I know when I built my 8.5 I was very careful to stick the suspension pickup points in the stock locations assuming coke head GM engineers in the 70's knew more than I do.

After dialing in my car this spring I am glad I stuck my upper control arm pickup points on the rear side as low as I can. It's really tough to get the instant center above the center of gravity line (antisquat) if you put the rear end pickup points high on the rear end unless you move the frame side UCA's pickup point higher.

EDIT

From my studies, and my understanding, it doesn't matter if the top bars are up, down, or level, what does matter is that the instant center (functional center of rotation of the 4 link at the instantaneous position at ride height) sits above the line drawn from the contact patch of the tire to the center of mass of the car so mechanical advantage makes the tire plant harder.

If you do that by putting the rear end side top mount high and can resolve that by moving the rear end side lower down sufficiently, that's acceptable.

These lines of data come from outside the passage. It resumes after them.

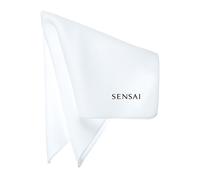 SENSAI Éponge nettoyante Silky-Purifying 1 pièce
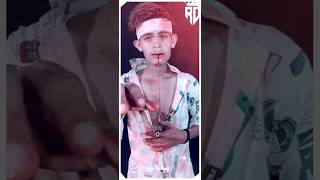 AAJ TOR GAYE HOLUD!(আজ তোর গায়ে হলুদ)NEW SAD SONG #PURULIA#sorts#status#video# editbyronivideoedit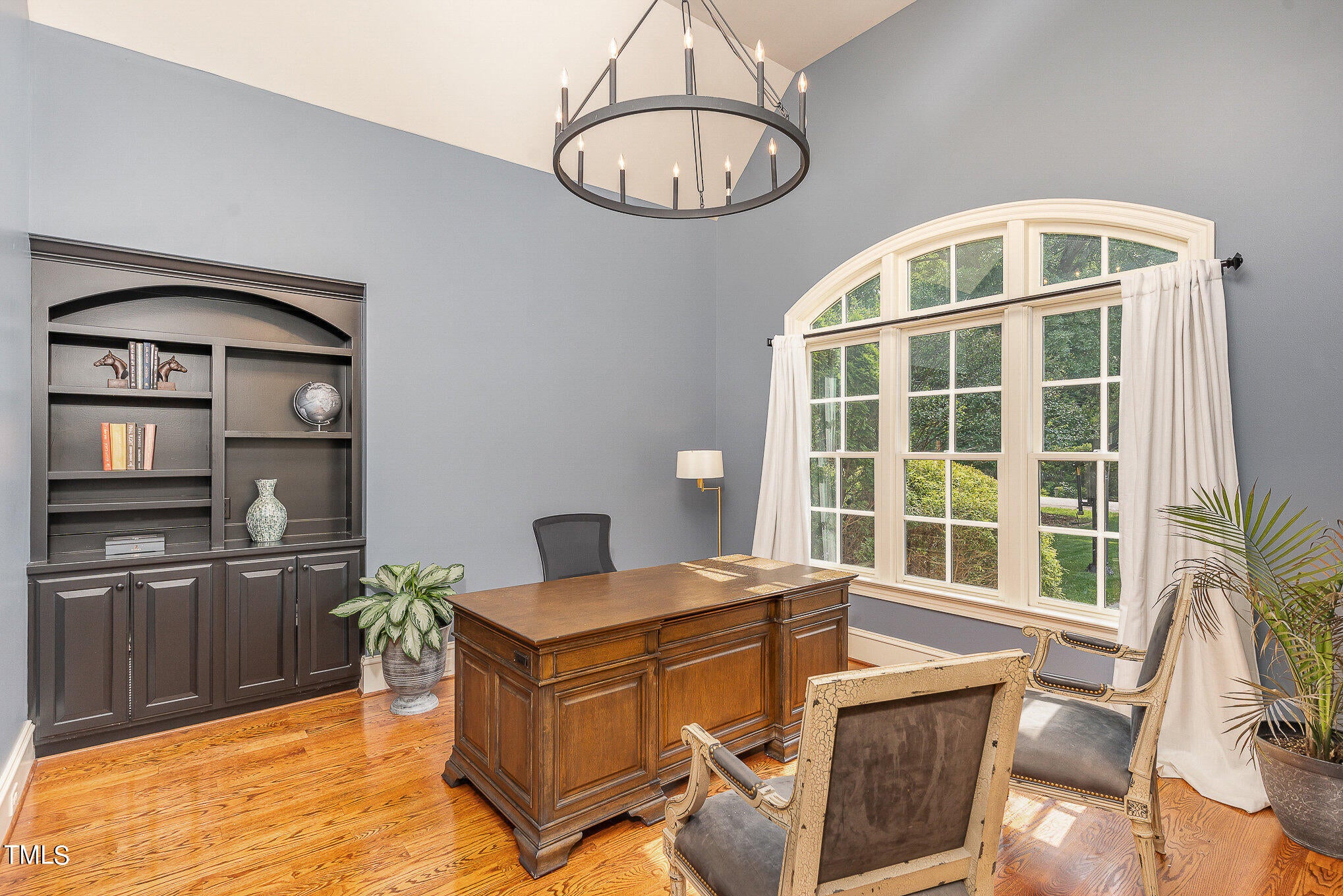 Raleigh, North Carolina, 27608, United States, ,4 BathroomsBathrooms,Residential,For Sale,1994667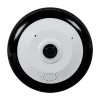 WI-FI SMART CAMERA 200W PIXLAR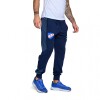 PANTALON VENTUS CNdeF Nacional Oficial Black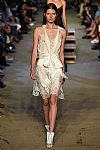 2016 Spring Summer', 'Givenchy', 'Full Length', 'GIVENCHY_WCFS16_018.JPG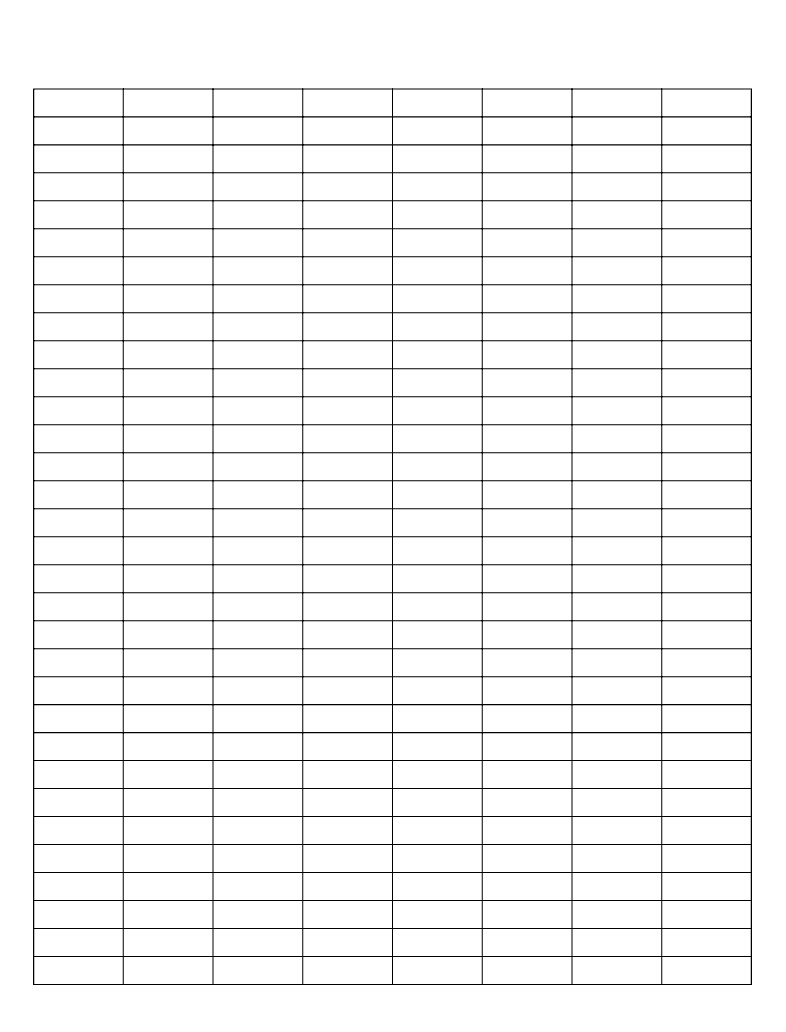 List - Notability Gallery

The detitanation matters but now necessarily how you get there. I think everyone just chooses to put the upper arms level because it makes the setup easier on the lower arm.

Agreed, many ways to skin a cat. However, you just have to choose a method and stick with it. My wagon and Monte are drastically different in how they are set up (because of the ride height) - but both have some anti-squat dialed in because they are on radials.

unnamed.jpg


I would also suggest that the M/T S/S may be the wrong tire to turn mid-9s on and exacerbating the conditions seen.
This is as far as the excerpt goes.